But Is All-Season Always the Best Solution?
While AS tires may seem like a safe, go-to recommendation, according to David Shelton, director of operations and projects for Giti Tire (USA) Ltd., there are tradeoffs.
“All-season tires do provide a better performance average across the board but are not the absolute solution to every environment and road conditions one might encounter,” Shelton says. “The most common misconception is that all-season tires handle all driving conditions optimally. All-season tires are not the best choice for a fast lap around the test track, or for heavy snow and slush conditions. Consumers need to understand that all-season tires are not the answer to everything.”
One of the largest misconceptions by consumers – and often by those who sell tires – is that an AS tire can replace the need to swap out to winter tires in areas that experience less-than-mild winters. According to Bob Abram, senior manager of product planning at Yokohama, and others, AS tires do not replace the need for winter tires in certain climates. A rule of thumb is that if you have road crews in the area that are dedicated to snow plowing, AS may not always be the best choice.
An all-season tire recommendation should be made only after a fact-finding conversation with the vehicle owner. Because tires are such a strong component of vehicle performance and safety, asking the right questions to fully understand the needs of the customer is paramount.
The top three questions to ask a customer, according to Yokohama’s Abram, include gathering information on an individual’s driving style, driving climate of where they travel and the mileage they’d like to reach.
“A salesperson should ask about the consumer’s driving style (spirited, defensive, aggressive, competition), the kind of roads they frequent (city, highway, rural, mountain), as well as the predominant climate in which they drive,” Abram says.
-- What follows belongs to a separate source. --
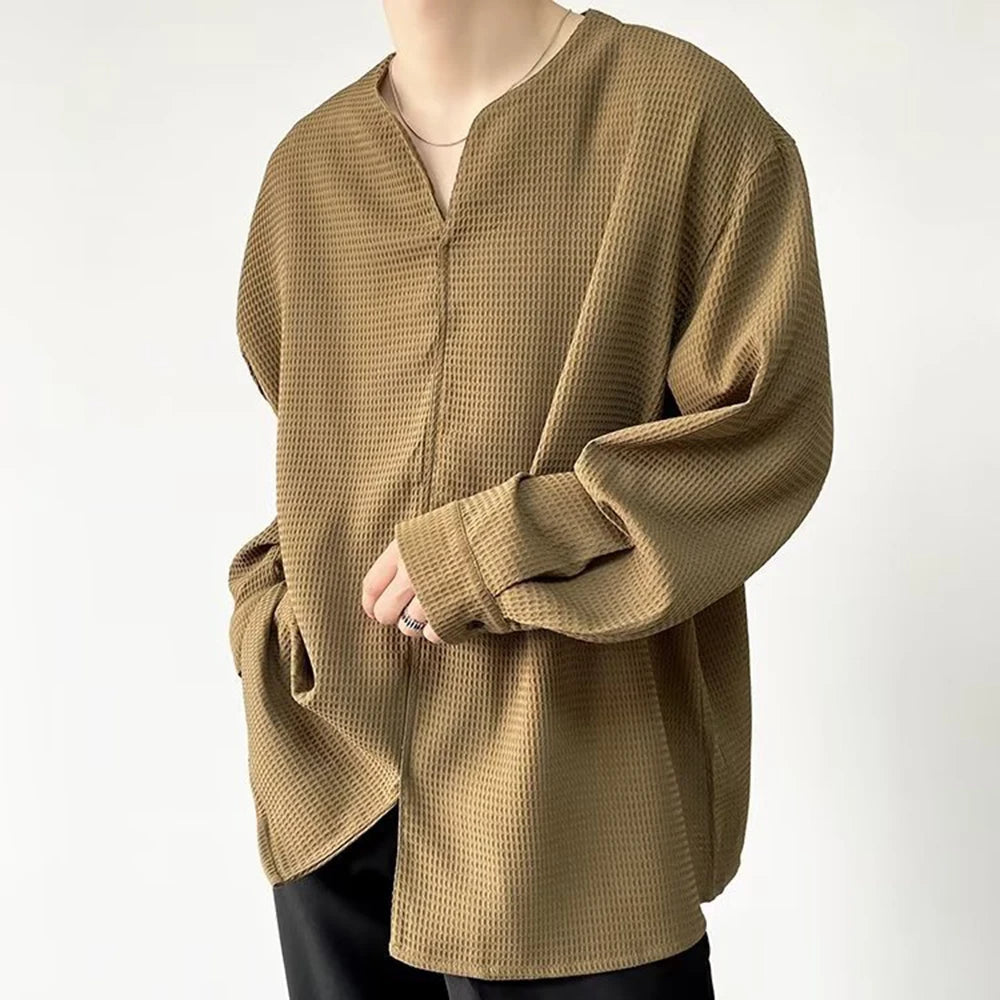 Bonsir 2024 Autumn Retro Temperament Waffle Pullover V-neck Shirt Men's Long-Sleeved Light  Wind Ins Loose Korean Trend Shirt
In addition to driving habits, Brad Robinson, product manager with Bridgestone Americas tire operations, says you also need to understand how customers use their vehicle on a daily basis and the type of ride or in-vehicle experience they prefer. “What type of driving/experience or ride do you prefer – Quiet? Comfortable? Sporty?” Robinson suggests. “Do you live in an area that has mild winters? Would you prefer to have a well-rounded product that can handle mild winter conditions [or] do you need a tire that will perform in extreme winter driving conditions, such as cold, ice, snow and slush?”
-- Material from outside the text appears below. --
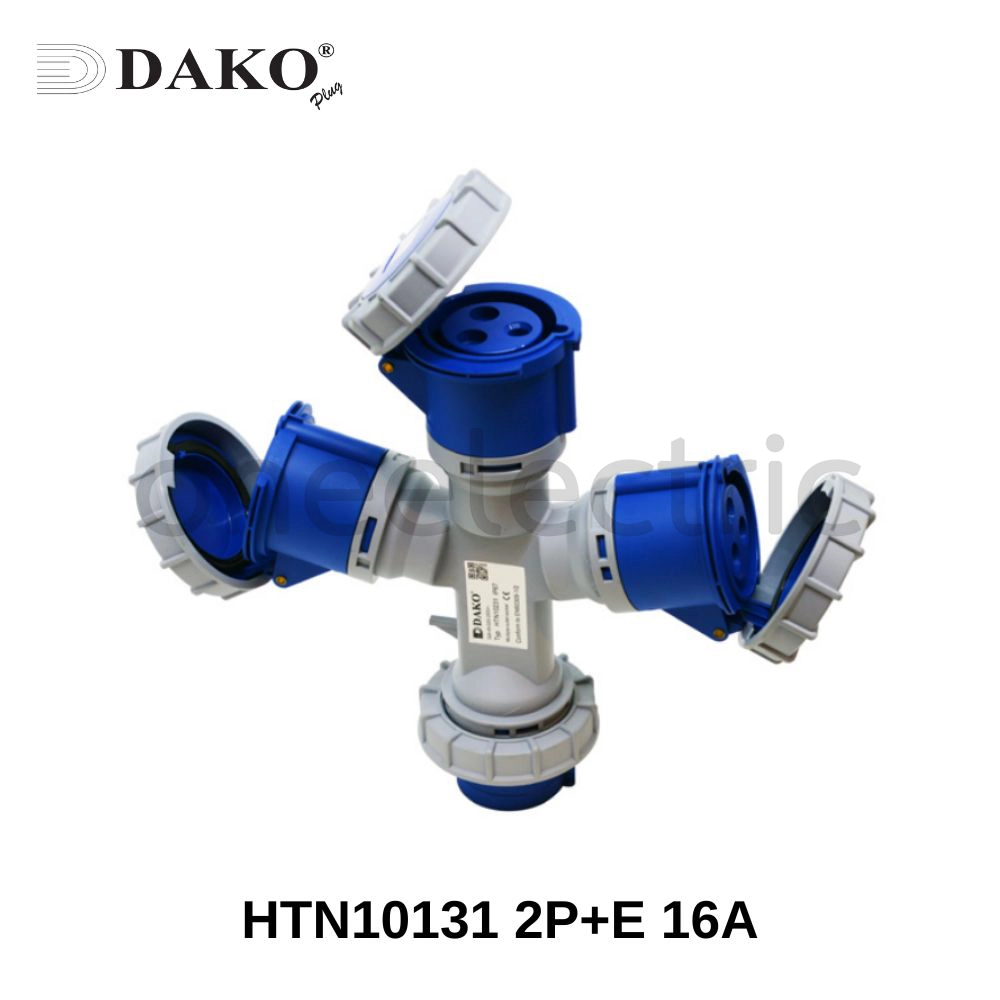 DAKO HTN10131 ปลั๊กเพาเวอร์ 3ทาง 3ขา 2P+E 16A สีน้ำเงิน รุ่นกันน้ำ (Socket ตัวผู้ 1 | Socket ตัวเมีย 3)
Other details like “what tires are currently on the vehicle and what do you like about them or dislike about them” can also help you better understand the consumer’s preferences so you can make an appropriate recommendation. “Tire selection is important,” adds Rick Phillips, vice president of sales with Triangle Tire USA. “[If you go with an all-season tire], you might give up some high-end performance if you drive very aggressively, or you might sacrifice some traction in extreme winter conditions.“
Bridgestone’s Robinson agrees.
“All-season tires are not the best type of tire for drivers looking for best-in-class performance in extreme conditions, such as winter or high performance driving situations,” he says. “When designing an all-season tire, the objective is to engineer a tire that performs well across a range of daily driving conditions including summer heat, rain and even light winter weather. In the U.S., all-season tires are the default tire choice. [But they] are not the best type of tire for drivers looking for best-in-class performance in extreme conditions such as winter or high performance driving situations.
“For customers who reside in areas with more extreme winter weather, we always recommend switching to a dedicated winter tire during that time of year. On the other end of the spectrum, if a customer lives in a place that is warm or hot year-round, and they enjoy sporty driving, they likely would be best served by a summer tire.”
All-Season Design Variations
All-season tires are designed to be different. Over the years, the technology behind all-season tires has improved substantially.
“These tires are lighter, more fuel efficient, and perform better than ever in all types of conditions,” the team at Cooper Tire says. “Characteristics important to Cooper in the development of all-season tires, which are also key for the development of all tires, are enhanced performance, light-weight materials, rolling resistance/fuel economy, wet and dry grip and tire and vehicle noise.”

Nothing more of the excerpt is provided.